Features – Columbus doc

Data and documents acquisition

The system acquires information from a variety sources specified by the user
(or by the system administrator) complying with the following conditions:

– The rightful owner has granted the necessary access authorization

– The access is either supported by the source via API interface or by Columbus through a customized connector specifically written and authorized

Transformation

This process uniforms all the acquired items, originally captured in their own format, in order to obtain searchable PDF documents. Depending on the acquired item format, the transformation may or may not include different tasks, such as rendering, scanning, OCR, conversion, export.

Optimized storage

The system carries out an optimized storage of all the processed items by using dedicated storages to maximize the access performance in consultation.

– While respecting access privacy and security, all duplicate content issues, often occurring in communications between members of the same organization, are solved (just think an email attachment sometimes present in dozens of elements, but still the same as content). The system then stores a single copy of any content, identifying each one by hash functions in order to save both space and time for processing any already transformed content;

– All the searchable PDF documents are also stored in paged mode: In other words, the system stores a conversion that allows you to consult a single document page avoiding to access the entire document.
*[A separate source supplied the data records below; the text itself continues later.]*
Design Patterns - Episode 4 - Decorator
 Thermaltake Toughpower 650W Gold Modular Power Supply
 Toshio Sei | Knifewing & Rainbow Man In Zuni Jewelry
For example when the item to be searched is only mentioned in a few pages of a one hundred or more pages document the paged storage allows
to immediately locate and access such pages without downloading the entire document.
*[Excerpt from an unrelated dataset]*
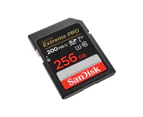 Sandisk 256Gb Extreme Pro Memory Card 200Mbs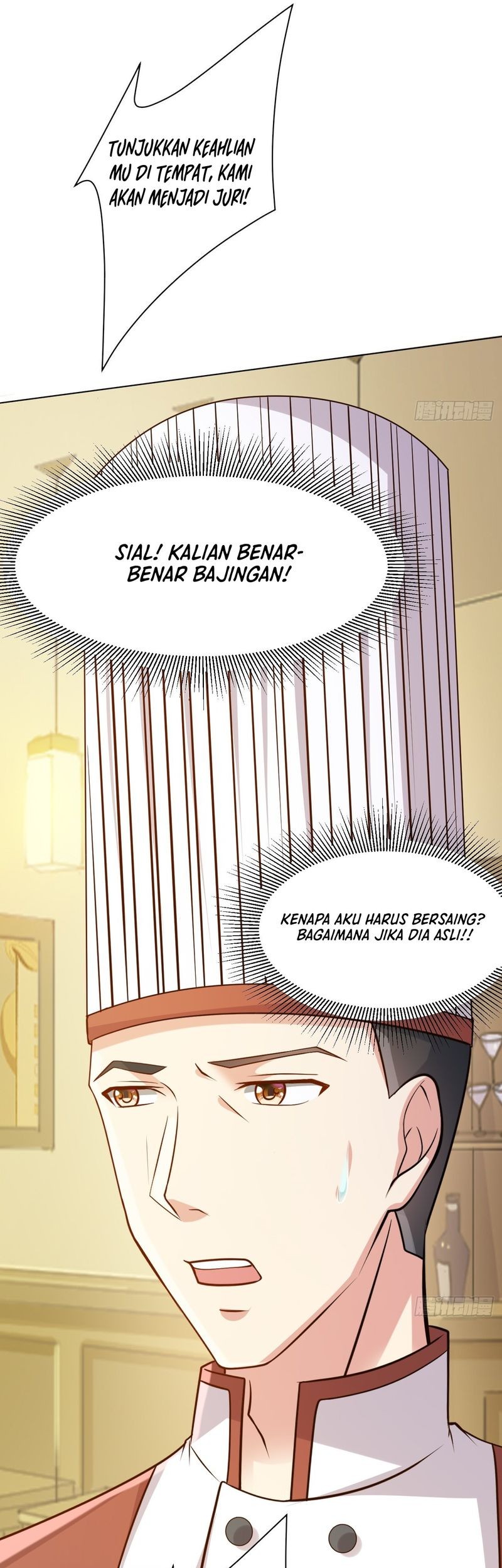 Wo Mei Zhou Yige Xin Shenfen Chapter 46 - halaman 34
Classification and indexing

The classification process applies a set of automatic algorithms to all the acquired documents; such algorithms are able to extract and annotate structured information coming from both content and source where the document has been extracted.

The Automatic Extraction Algorithm of the information are combinable according to the customer needs: it is possible then to select the algorithms to be installed, how much computational capacity they must absorb, and in which order they must be run. It’s also possible to write and install customized algorithms capable of applying specific logic in the identification and extraction of structured data. You can also install algorithms using external services of artificial intelligence, able to further extend the capabilities of the system automatic analysis.
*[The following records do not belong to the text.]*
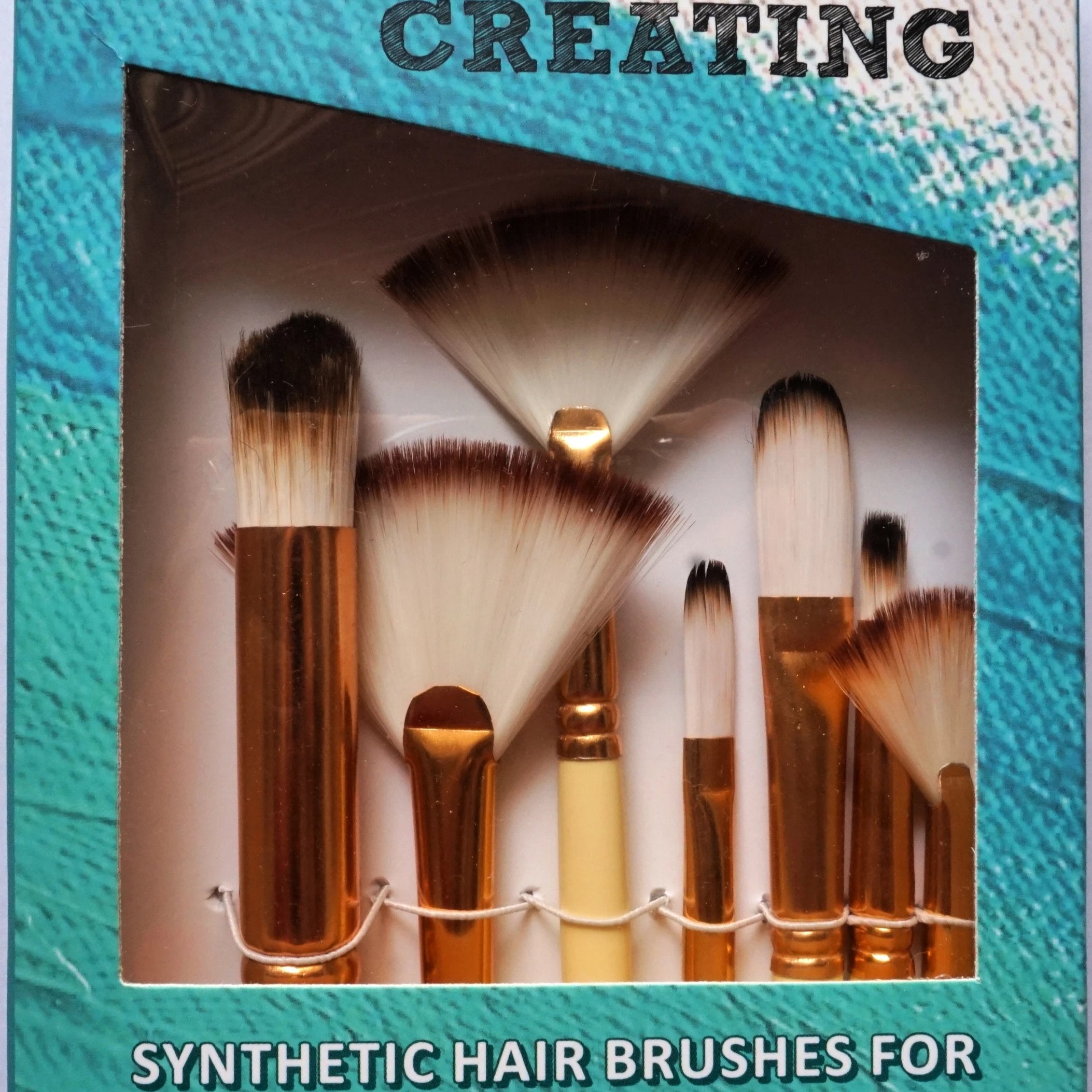 ** VERSION 3 ** Fan and horse shoe blender effect brushes 2 set by Artyshils Art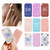 YEZIJIN Refreshing Floral Fragrance Solid Perfume Solid Perfume, Solid Balm Sets Solid Perfume, Portable Perfume Long Lasting Unisex for Men and Women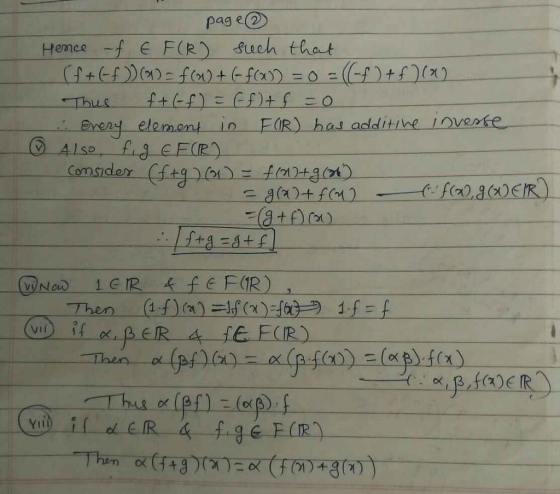 рад е② HeneefEFRuch thot Exeay element in FíR) has addlitihe iovepte Comsiderr vii) Y111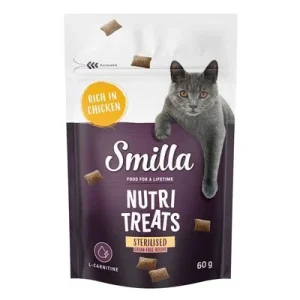 Smilla Nutri Treats 60 g Sterilised (60 g)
The set of these metadata is then used to enrich the indexing phase and make the system able to search information assets by combining full-text search methods with structured data ones. Furthermore, structured information is a basic element of the system’s ability to allow exploratory search, by providing different semantic paths to refine the search results.

During the indexing phase, the system also sets the necessary information to ensure security to access the information assets, according to partitioning and sharing mechanisms, able to guarantee each user can only search within the assets he is granted to access.

Search and consulting

When classification and indexing processes are completed, the system provides different search methods, both functional and architectural.

Search through columbus client: the dedicated client, available both in desktop mode (Windows PC) and (optionally) also in mobile mode (smartphone / tablet iOs / Android / Windows), provides all the available search functions.

The search is possible by combining full-text elements existing the indexed document text with filters on the several metadata sets extracted from the system.

It’s possible then to refine the obtained result through a faceting system totally based on the extracted metadata. The facet selection allows inclusions and exclusions, representing a powerful and intuitive way to rapidly locate the content of interest.

The system also allows the so-called ‘exploratory search’ which enable you to explore the entire information assets with no initial query input but using only the faceting mechanism. The system architecture allows such features while maintaining the expected performance efficiency.

Search through the API: the above described search functions can also be integrated with other systems by using the available API and the appropriate security mechanisms, in order to query the system and obtain standard format data to be used for own needs.

Sharing

Each user, if properly authorized through the administrator settings, can share his own search results with other users.

In particular, through the ‘smart sharing’ functions, the user can share information by following a functional logic not strictly tied to the typical security mechanisms of ACLs (users and groups). The sharing can either be based on data classification and / or full-text searches results. In this way it is more intuitive and can be based on functional rules capable of sharing over time even new elements matching the set rules. For example, if the user shares all the documents of a given year dealing with a specific topic, should future indexed elements match the same set criteria they will be automatically shared by the system.